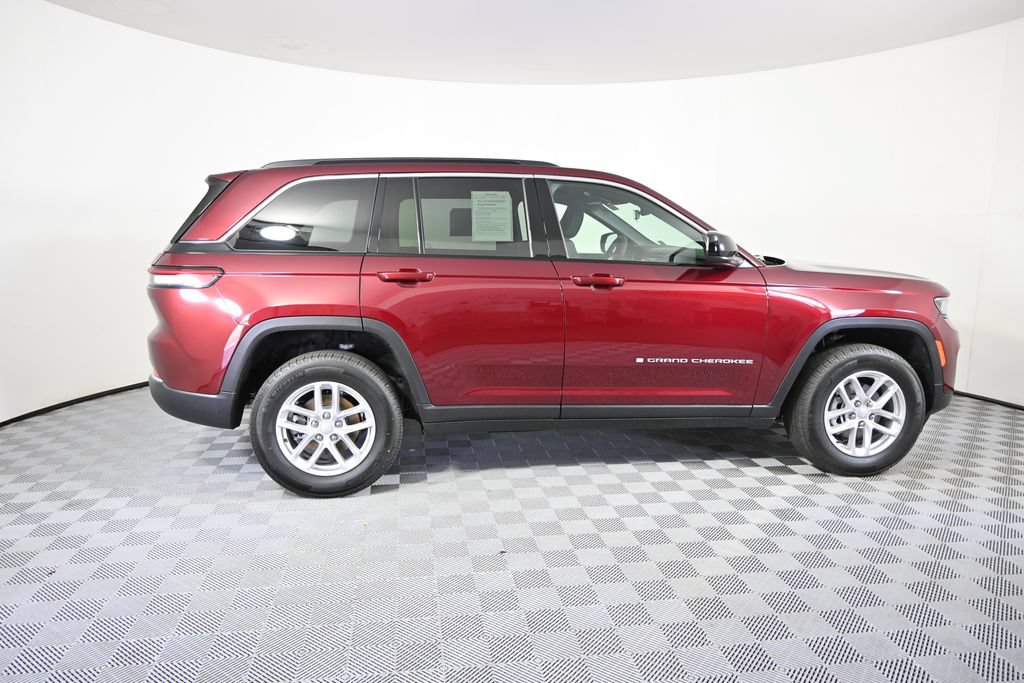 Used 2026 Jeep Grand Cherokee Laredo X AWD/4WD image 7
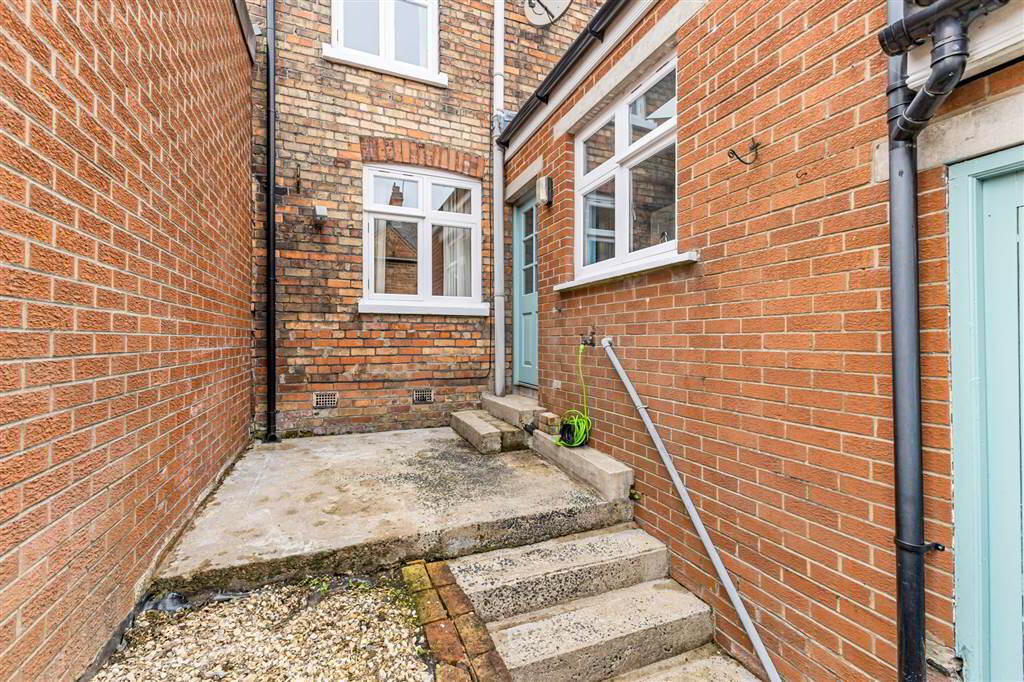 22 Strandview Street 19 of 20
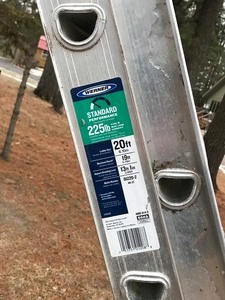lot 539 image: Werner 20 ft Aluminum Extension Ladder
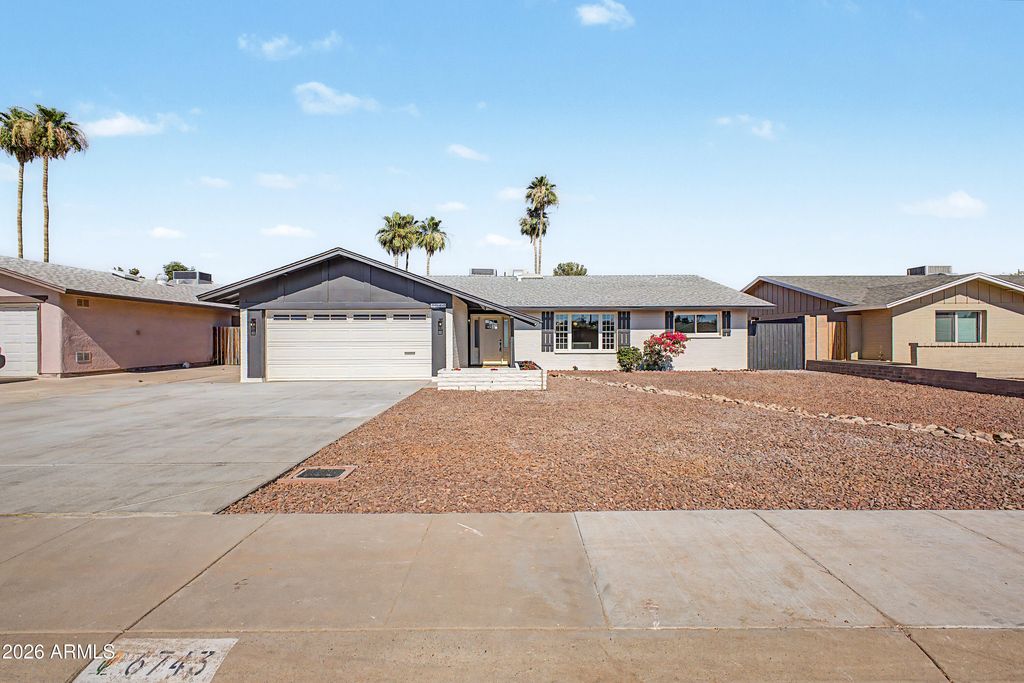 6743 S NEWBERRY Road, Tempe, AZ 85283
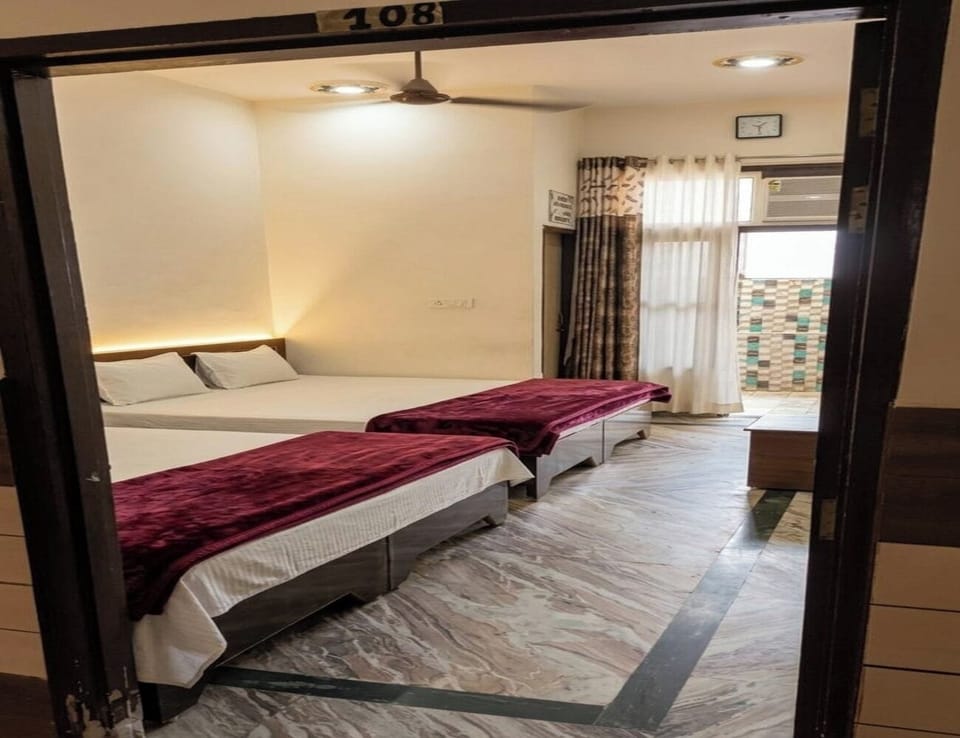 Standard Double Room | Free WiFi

--

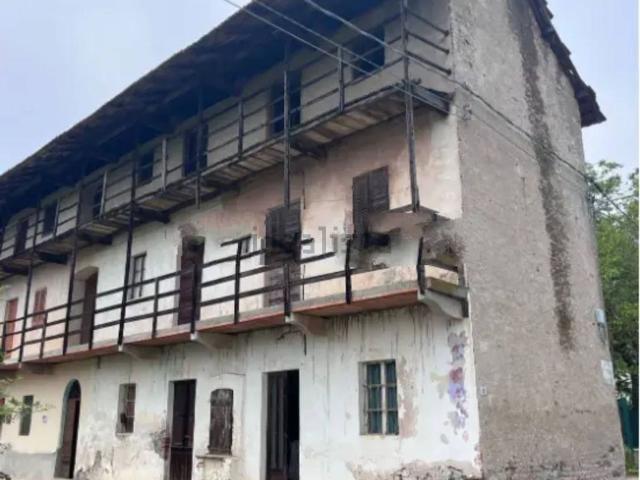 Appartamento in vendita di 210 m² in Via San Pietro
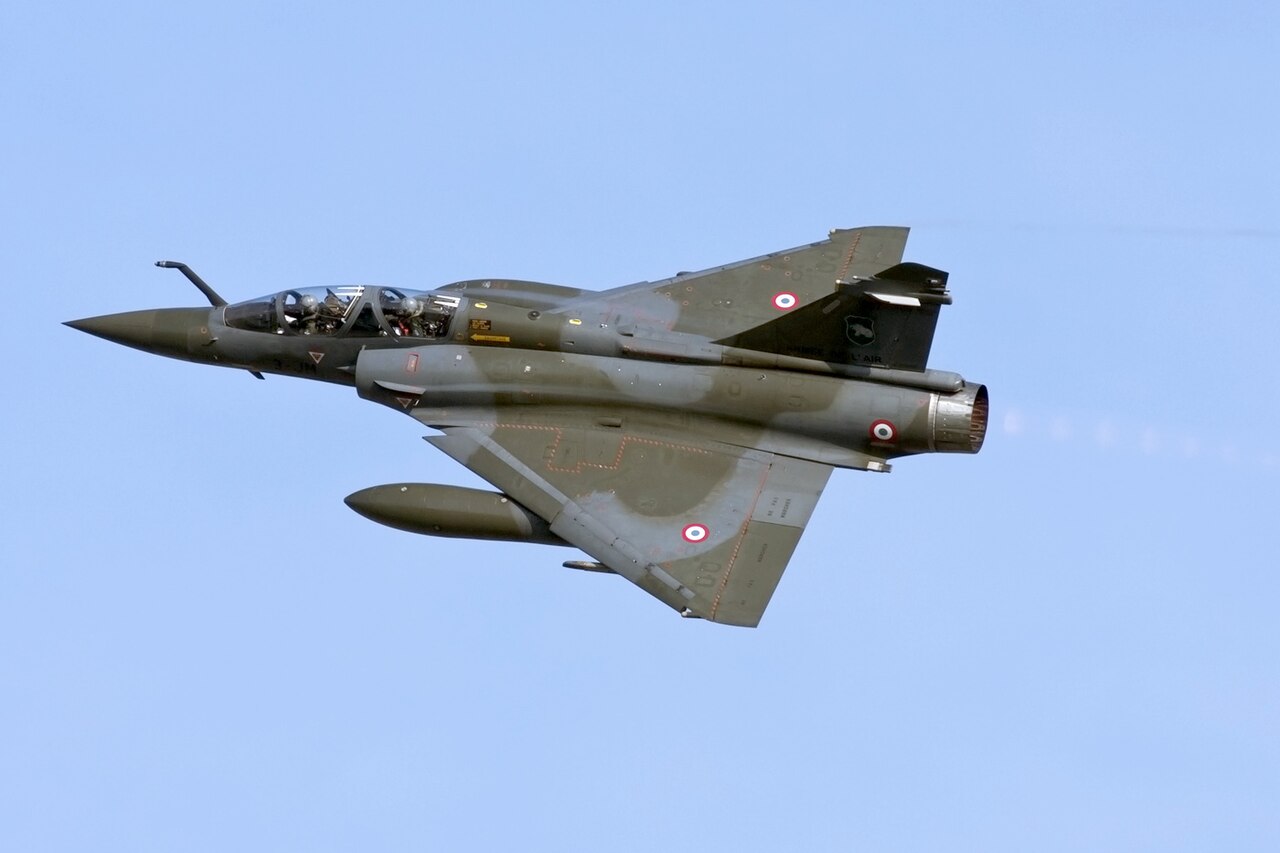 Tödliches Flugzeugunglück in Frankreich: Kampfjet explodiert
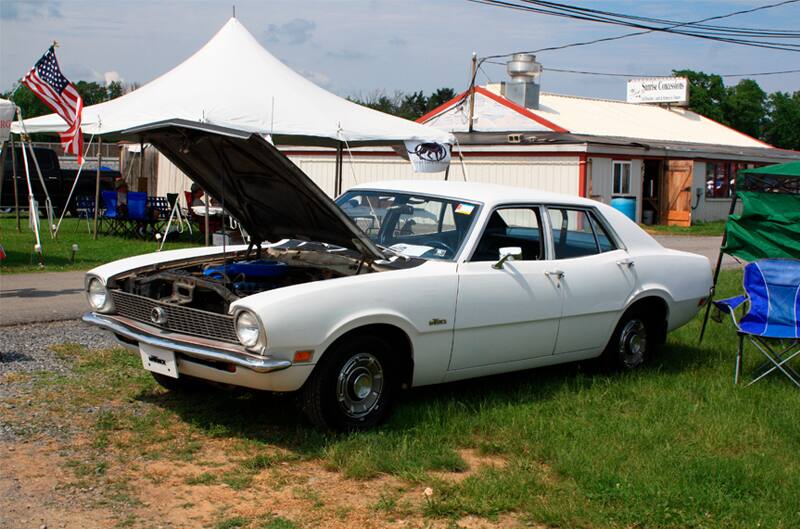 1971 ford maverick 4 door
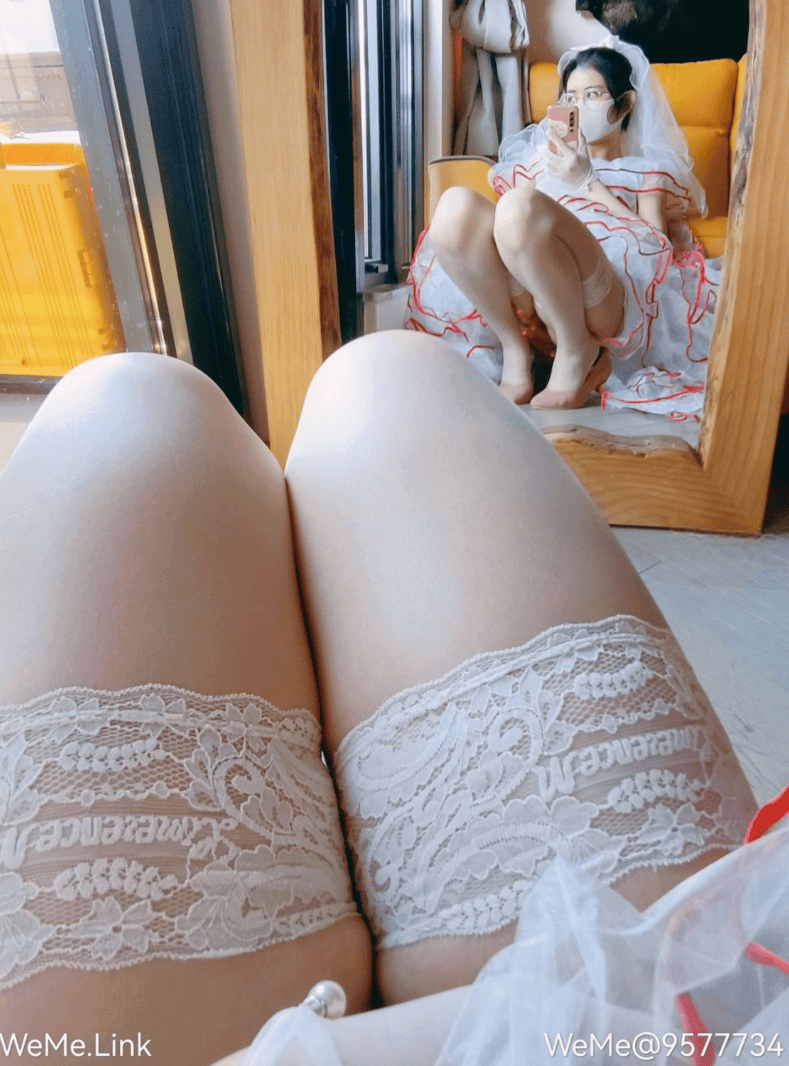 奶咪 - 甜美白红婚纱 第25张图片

==

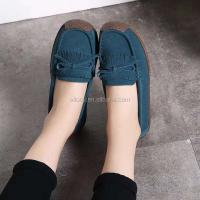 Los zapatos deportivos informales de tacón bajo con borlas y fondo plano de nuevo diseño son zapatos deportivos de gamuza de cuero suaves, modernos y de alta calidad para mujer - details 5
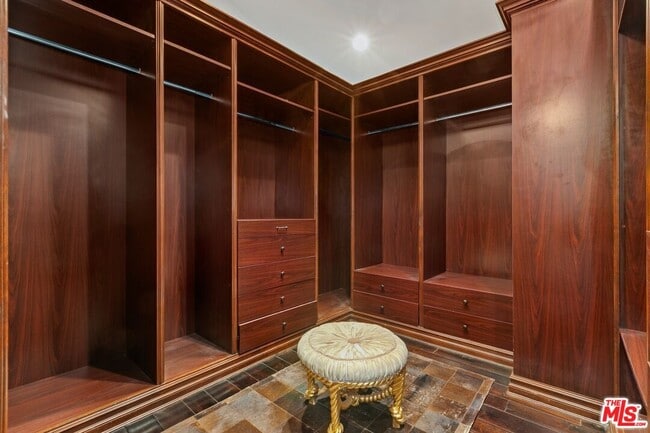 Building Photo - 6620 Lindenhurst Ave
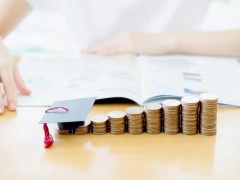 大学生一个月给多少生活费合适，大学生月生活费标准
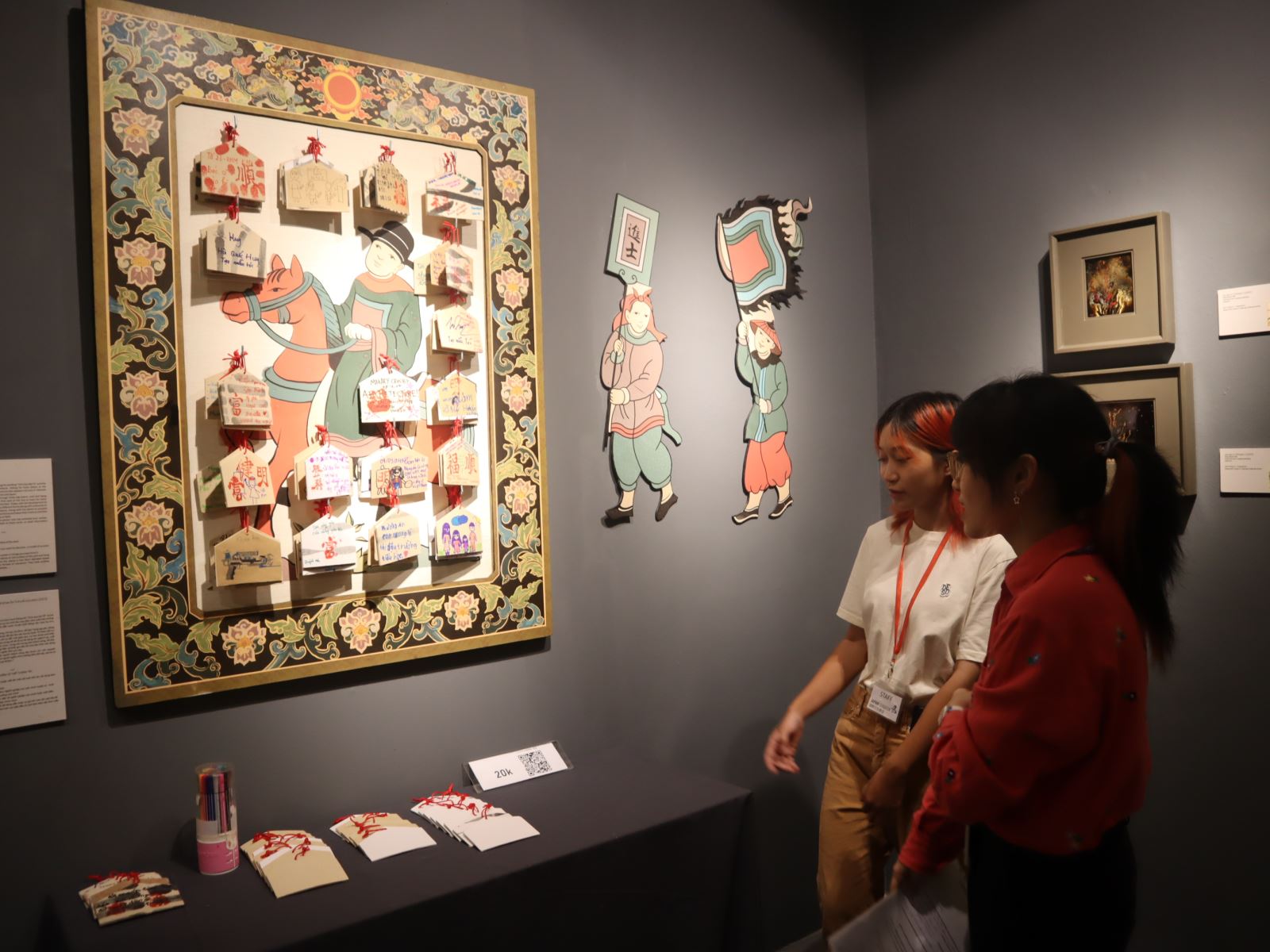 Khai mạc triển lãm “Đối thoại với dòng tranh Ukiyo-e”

INSTRUCTIONS FOR THE TASK -
Copy only what runs above from the line containing "Used 2026 Jeep" through the line containing "Standard Double Room | Free WiFi", exactly. Leave out the pictures.

ANSWER TO THIS EXERCISE -
 Used 2026 Jeep Grand Cherokee Laredo X AWD/4WD image 7
 22 Strandview Street 19 of 20
lot 539 image: Werner 20 ft Aluminum Extension Ladder
 6743 S NEWBERRY Road, Tempe, AZ 85283
 Standard Double Room | Free WiFi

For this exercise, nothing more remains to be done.